**Exercise goal**: Look through the entries below and count every line in which "White" appears; reply with the number only.

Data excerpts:

☆ ☆ ☆ ☆

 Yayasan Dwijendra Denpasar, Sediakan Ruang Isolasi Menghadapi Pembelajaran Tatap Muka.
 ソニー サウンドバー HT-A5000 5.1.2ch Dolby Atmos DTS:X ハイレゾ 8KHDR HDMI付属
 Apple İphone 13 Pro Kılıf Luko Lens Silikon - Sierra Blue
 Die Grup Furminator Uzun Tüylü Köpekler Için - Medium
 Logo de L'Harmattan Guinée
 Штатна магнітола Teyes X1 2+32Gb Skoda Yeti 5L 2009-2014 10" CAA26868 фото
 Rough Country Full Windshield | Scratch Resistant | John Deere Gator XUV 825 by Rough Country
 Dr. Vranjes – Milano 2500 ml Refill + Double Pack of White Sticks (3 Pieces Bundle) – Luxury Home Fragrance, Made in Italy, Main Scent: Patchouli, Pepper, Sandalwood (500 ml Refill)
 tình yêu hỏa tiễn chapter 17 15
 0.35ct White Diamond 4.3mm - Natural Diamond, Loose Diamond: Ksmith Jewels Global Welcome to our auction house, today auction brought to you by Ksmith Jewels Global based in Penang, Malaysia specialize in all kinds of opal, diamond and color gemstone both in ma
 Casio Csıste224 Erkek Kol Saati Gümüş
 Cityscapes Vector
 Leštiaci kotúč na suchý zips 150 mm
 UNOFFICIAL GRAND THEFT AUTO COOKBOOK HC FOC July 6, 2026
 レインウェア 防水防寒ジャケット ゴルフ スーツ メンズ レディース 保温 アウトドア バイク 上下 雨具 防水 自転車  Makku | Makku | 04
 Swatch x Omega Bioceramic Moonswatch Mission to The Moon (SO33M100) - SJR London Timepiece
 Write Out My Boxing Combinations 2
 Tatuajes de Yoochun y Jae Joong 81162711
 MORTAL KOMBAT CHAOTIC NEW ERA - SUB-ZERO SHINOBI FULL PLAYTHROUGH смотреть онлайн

☆ ☆ ☆ ☆

**Completed task**: 2